The easiest way to create a SIP object is to import a whole directory using siptools_ng.sip.SIP.from_directory() method:

from siptools_ng.sip import SIP

sip = SIP.from_directory(mets=mets, path="/path/to/local/directory")

Each file in the directory and its subdirectories is added to SIP, and technical metadata is automatically created.

2.2 Import files individually

If files must be treated individually, for example when file specific metadata is added, or when technical metadata is generated manually, File class can be used:

from siptools_ng.file import File

files = [
    File(
        path="/home/sigmund/Videos/source-files/video.mkv",
        digital_object_path="media/video.mkv"
    ),
    File(
        path="/home/sigmund/Documents/pdf-a/document.pdf",
        digital_object_path="documents/document.pdf"
    )
]

Once the necessary metadata has been added to files, the File objects are added to SIP object using siptools_ng.sip.SIP.from_files():

sip = SIP.from_files(mets=mets, files=files)
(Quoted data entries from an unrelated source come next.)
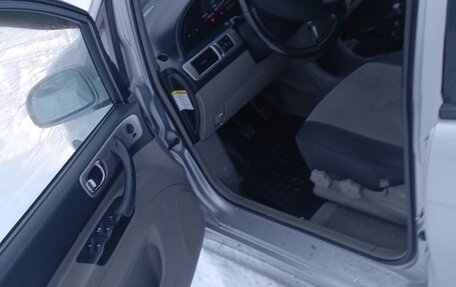 Chevrolet Rezzo, 2006 год, 450 000 рублей, 7 фотография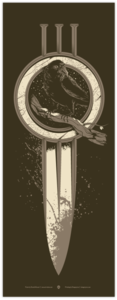 Image of The Greenseer (Variant)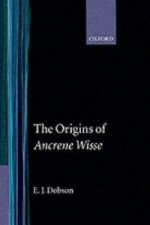 Origins of 'Ancrene Wisse'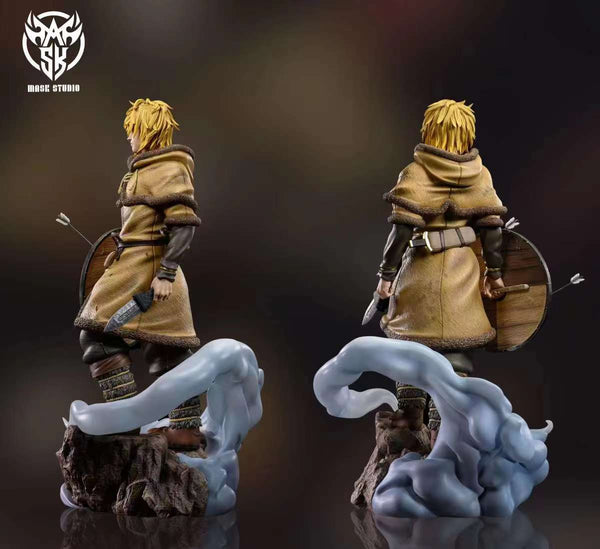 Mask Studio - Thorfinn [2 Variants]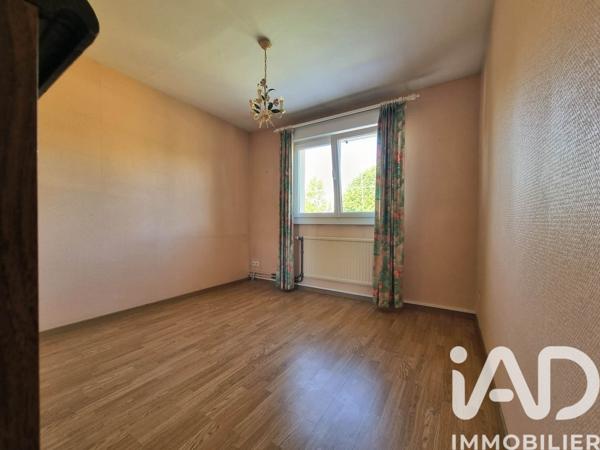Maison à vendre 5 pièces 108 m² La Bassée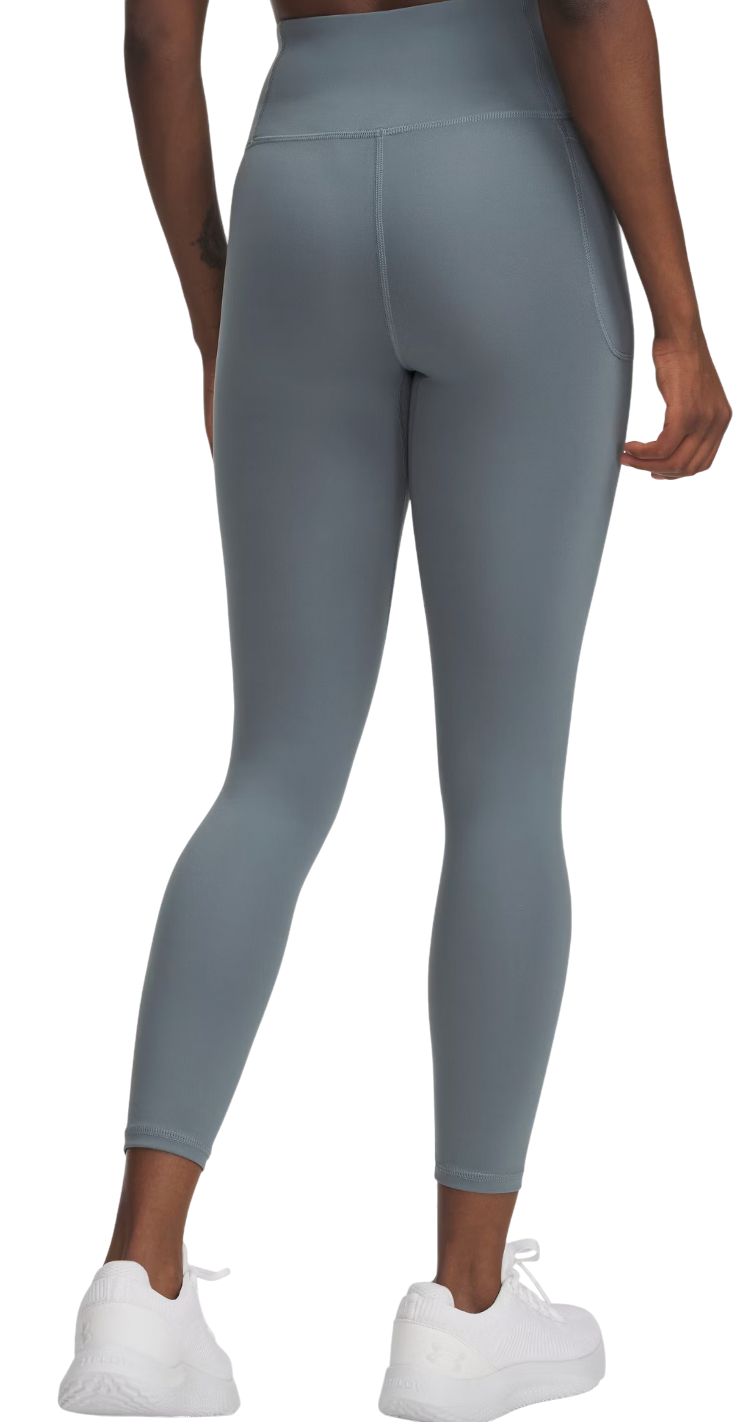 Tajice Under Armour Motion Ankle Leggings Siva | 1388647-587, 1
Technical metadata is automatically generated for files that do not already have technical metadata.

Warning

Do not add or modify File instances after you have created the SIP instance.

3. Add descriptive metadata

At least one piece of descriptive XML metadata needs to be added into the SIP. This metadata can concern a file or the package as a whole; the only requirement is that at least one piece of descriptive metadata is provided somewhere.

Note

The National Digital Preservation schema catalog contains a variety of different metadata document schemas that are accepted by the Digital Preservation Service.

You can look them up in the DPRES national specifications.

The metadata XML document can be automatically imported using ImportedMetadata, which will automatically detect the XML schema.

from mets_builder.metadata import (
    ImportedMetadata, MetadataType, MetadataFormat
)

# Import metadata automatically from an external file...
dmd_md = ImportedMetadata.from_path("/path/to/descriptive_metadata.xml")

# ...or enter metadata schema information manually
dmd_md = ImportedMetadata(
    metadata_type=MetadataType.DESCRIPTIVE,
    metadata_format=MetadataFormat.DC,
    format_version="2008",
    data_path="/path/to/descriptive_metadata.xml"
)

You can add the descriptive metadata to either a file or the SIP:

# Add metadata to SIP
sip.add_metadata([dmd_md])

# Add metadata to File, and the File to SIP
file.add_metadata([dmd_md])
sip = SIP.from_files(mets=mets, files=[file])

4. Export SIP

Once you have created a SIP using either method, you can export it using the siptools_ng.sip.SIP.finalize() method.

This will generate a tar archive with a digital signature, a METS document and copies of all the files.

sip.finalize(
     output_filepath="sip.tar",
     sign_key_filepath="rsa-keys.crt"
 )

Note

rsa-keys.crt is the signing key used to create a digital signature for the SIP.

See the instructions on the National Digital Preservation Service site (in Finnish) for generating this signing key.

The generated sip.tar file can then be uploaded into the Digital Preservation Service.